Pubblichiamo una risposta del segretario Pizzati ad un articolo critico del percorso di Indipendenza Veneta pubblicato sulla rivista cinese Global Times.
I was pleased to read a recent article on the Global Times that described the push for Venetian independence supported by thousands of people rallying in Venice. The article did a good job at describing memories of the Most Serene Republic of Venice that for centuries traded with the East, a Venetian Republic well known in China thanks to its most famous ambassador, Marco Polo. The article was not accurate when describing the political movement Indipendenza Veneta as a branch of the Northern League, the oldest political party present in Rome’s parliament. Most members of Indipendenza Veneta are young people, or generally persons who never were involved in politics, but that recently felt a duty to participate in the political process because of the drastic economic and political situation in the region of Veneto and its capital, Venice.
The reason I feel compelled to write in reply is the fact that I am called into question on not telling my supporters about the costs, political and economic, of running a new Venetian Republic. I think this is an excellent question, which is actually asked very often by newcomers that take the option of independence very seriously and not merely as a mean to protest a dire economic situation.
The fact is that a new Venetian Republic will have a population of 6-7 million people, which is not small at all for European standards. In fact, two thirds of countries in the European Union have a population between 5 and 10 million people. Denmark has 5 million people, Finland has 5 million people, Ireland has 5 million people, Norway has 5 million people, Slovakia has 5 million people. Nearby Slovenia has only 2 million people, and nearby Austria and Switzerland have 8 million people each. Most European countries have 10 million people: Belgium, Bulgaria, Czech Republic, Greece, Hungary, Portugal, Sweden.
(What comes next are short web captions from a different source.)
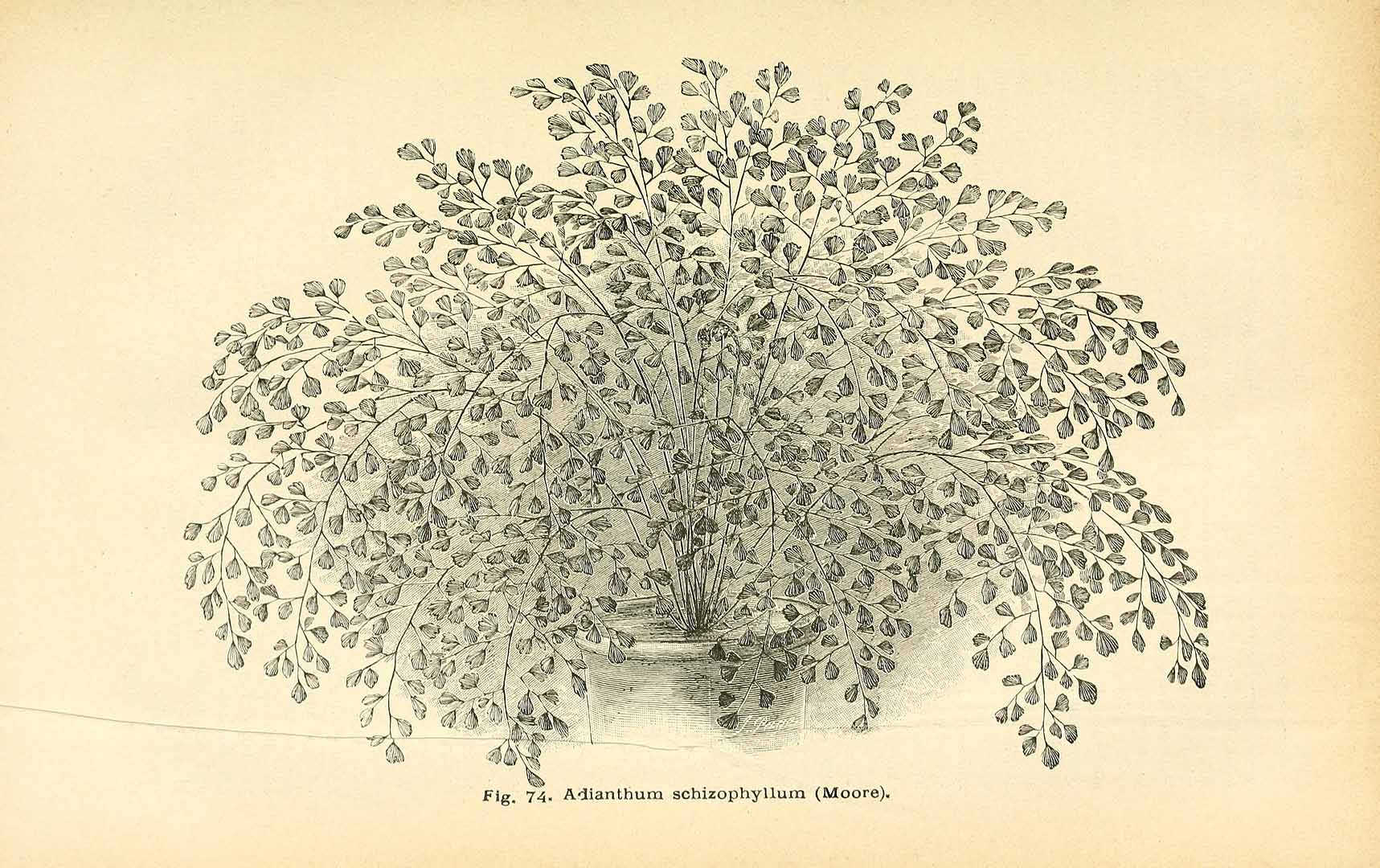 no HD illustration available (m5)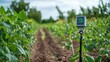 © wpw - smart soil sensors detecting nutrient levels, guiding fertilizer application with pinpoint accuracy, helping farmers reduce waste and costs.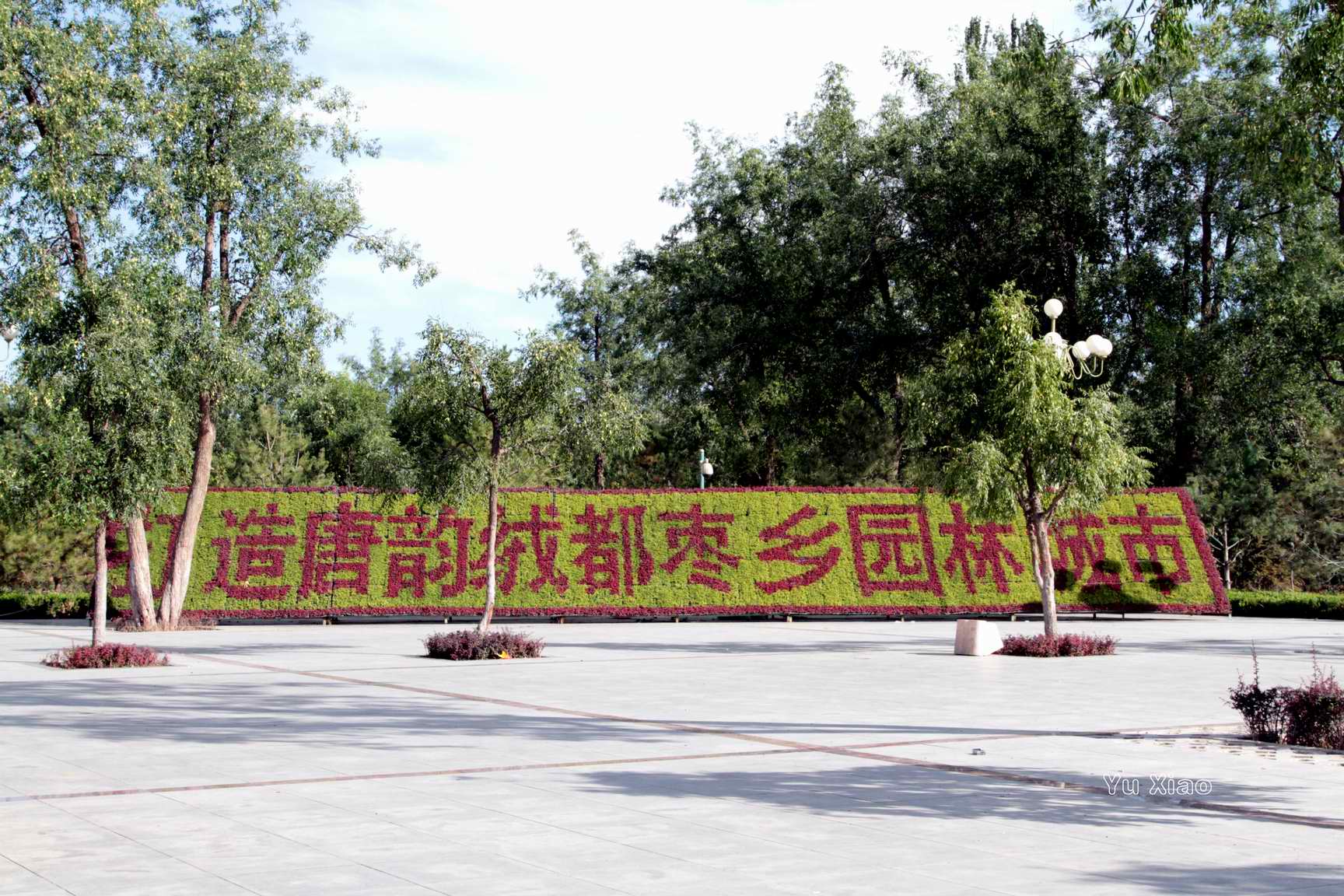 美丽的世界枣博园--灵武市人民政府门户网站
It is clear that a Venetian Republic would not be a small country, but it would have a proper size as a member of the European Union.
In fact, it is the presence of the European Union, a common area of free movement of labor, capital and goods, that lets small countries flourish even more than big nation states like Italy, Spain and the UK, who perhaps had a size advantage during the belligerent and colonizing 19th century. In a global economy political boundaries become less important, especially for the very integrated European Union, because for a firm the world is its economic boundary, no matter if your business is in little Slovenia or in big Italy, in little Denmark or in big Germany.
What makes a difference is that being part of the European Union has its economies of scale, making the political costs much lower for smaller countries. You get the benefits of a big community with a common currency, a common defense system, a common diplomacy, which are public services that would otherwise be more costly to run independently. At the same time though, you get a more efficient public service in a small country because citizens have a closer control on the political decision making.
This concept of a relationship between the emergence of new countries in a globalizing economy has long been observed and studied. Twelve years ago Alberto Alesina et al. gave an econometric backing to this theory in an academic paper published in the American Economic Review titled “Economic Integration and Political Disintegration”. This seminal research study then became a very influential book: “The Size of Nations” MIT Press, 2003. In essence, the creative destruction that is true for obsolete firms can also be applied to countries like Italy that are unable to reform themselves and are therefore impoverishing their citizens. Political boundaries are not eternal; they are set by people and may change due to a changing world.